I would ignore GM.AFR and instead pay attention to GM.EQIVRATIO (and calculate BEN's on EQIVRATIO and WO2EQR1).
Yes Joe I know :doh:
I use my own EQ BEN and custom WBO2 AFR for reference,
but this has always bothered me.
It would not be an issue if commanded EQ was higher than 1.00
that would explain why commanded AFR is a tick richer.
Combine this with an improper WBO2 slope and it will cause a headache. :throw:
I found this post interesting and of some relation to yours:
http://forum.efilive.com/showthread.php?t=13094
The dyno datalog posted shows a steady GM.AFR of
12.23. When you look at this PE vs RPM table, it "appears" the processor is actually adding the last different AFR to the current one and averaging the two. I would have thought that anything >= 2000 RPM would have been 12.19 AFR according to this PE VS RPM. Somehow this doesn't make sense to me,...:shock:
0 13.037127
400 13.003176
800 12.946982
1200 12.514335
1600 12.268353
2000 12.198419
2400 12.198419
2800 12.198419
3200 12.198419
3600 12.198419
4000 12.198419
4400 12.198419
4800 12.198419
5200 12.198419
5600 12.198419
6000 12.198419
6400 12.198419
6800 12.198419
7200 12.198419
IMO something is wrong with the {GM.AFR} PID.
EQ1 should match {B3601}.
The math done in the PCM is performed using 16 bit fixed point precision. Some values in the above are only accurate to 1/1024.

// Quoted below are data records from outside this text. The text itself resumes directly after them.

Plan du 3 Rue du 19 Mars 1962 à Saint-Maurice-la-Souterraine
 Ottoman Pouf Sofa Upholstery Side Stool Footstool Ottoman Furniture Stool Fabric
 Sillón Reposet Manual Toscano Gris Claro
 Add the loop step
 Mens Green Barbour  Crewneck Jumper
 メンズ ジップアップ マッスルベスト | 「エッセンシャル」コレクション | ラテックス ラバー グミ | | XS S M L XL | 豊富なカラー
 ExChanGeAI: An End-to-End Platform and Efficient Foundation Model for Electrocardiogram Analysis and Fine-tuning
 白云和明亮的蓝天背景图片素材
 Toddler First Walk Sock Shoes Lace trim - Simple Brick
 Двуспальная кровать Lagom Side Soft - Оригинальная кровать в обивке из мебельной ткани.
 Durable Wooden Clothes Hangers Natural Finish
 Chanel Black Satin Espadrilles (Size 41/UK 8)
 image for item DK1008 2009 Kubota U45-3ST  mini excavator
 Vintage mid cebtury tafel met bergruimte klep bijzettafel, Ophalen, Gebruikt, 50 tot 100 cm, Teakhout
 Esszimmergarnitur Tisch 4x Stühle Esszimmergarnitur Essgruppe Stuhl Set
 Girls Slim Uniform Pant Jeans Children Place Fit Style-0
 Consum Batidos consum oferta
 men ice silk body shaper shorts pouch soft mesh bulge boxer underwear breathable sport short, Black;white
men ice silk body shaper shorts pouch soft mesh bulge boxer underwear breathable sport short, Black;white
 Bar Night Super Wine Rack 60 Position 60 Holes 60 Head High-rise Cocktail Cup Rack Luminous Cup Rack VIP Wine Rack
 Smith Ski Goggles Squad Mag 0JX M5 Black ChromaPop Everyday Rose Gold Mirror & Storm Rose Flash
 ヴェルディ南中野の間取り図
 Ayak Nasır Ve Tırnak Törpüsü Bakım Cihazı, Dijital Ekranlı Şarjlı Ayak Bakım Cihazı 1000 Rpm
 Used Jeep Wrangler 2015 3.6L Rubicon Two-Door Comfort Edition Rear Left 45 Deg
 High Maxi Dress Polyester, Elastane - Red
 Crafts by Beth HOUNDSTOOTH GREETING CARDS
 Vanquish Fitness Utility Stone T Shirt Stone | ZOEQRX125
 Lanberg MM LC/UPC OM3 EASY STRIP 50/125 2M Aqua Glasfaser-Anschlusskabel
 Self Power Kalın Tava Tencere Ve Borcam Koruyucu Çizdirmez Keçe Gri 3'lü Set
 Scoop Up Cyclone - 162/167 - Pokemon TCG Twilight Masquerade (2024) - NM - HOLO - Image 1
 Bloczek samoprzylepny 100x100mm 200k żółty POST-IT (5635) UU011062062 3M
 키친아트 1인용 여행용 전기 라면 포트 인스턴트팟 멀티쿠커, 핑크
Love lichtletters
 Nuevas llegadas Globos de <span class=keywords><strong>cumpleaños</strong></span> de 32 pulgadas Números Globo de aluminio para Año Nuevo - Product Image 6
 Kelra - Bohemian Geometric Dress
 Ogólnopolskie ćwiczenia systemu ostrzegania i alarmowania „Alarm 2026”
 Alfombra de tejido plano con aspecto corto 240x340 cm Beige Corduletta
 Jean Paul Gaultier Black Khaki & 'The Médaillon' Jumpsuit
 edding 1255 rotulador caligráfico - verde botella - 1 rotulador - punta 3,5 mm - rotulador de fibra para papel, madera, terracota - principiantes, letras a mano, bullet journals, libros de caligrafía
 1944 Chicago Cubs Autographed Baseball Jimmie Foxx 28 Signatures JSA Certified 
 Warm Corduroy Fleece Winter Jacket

If a value (for example AFR) is represented as a value from 0 AFR to 63.999 AFR but is stored in the PCM as a 16 bit integer then each of the 65536 possible combination that the 16 bit value can have will map to a discrete AFR value.
I.e.
0 = 0
1 = 0.0009765625
2 = 0.001953125
3 = 0.0029296875
...
15052 = 14.69921875
15053 = 14.7001953125
...
65534 = 63.998046875
65535 = 63.9990234375
So you can see not only are the values discreetly quantized, but they cannot even accurately store 14.7 since there is no integer value that can exist between 15052 and 15053
Given the limitations of the CPU in the PCM, the GM engineers/programmers traded accuracy for speed. Obviously they figured 3 decimal places was enough accuracy for AFR computations.
Regards
Paul
Thanks Paul.
Comparing 2 logs I have;
one with 24 channels selected and has the "off" values for GM.AFR
and the other has 23 channels selected and GM.AFR is right.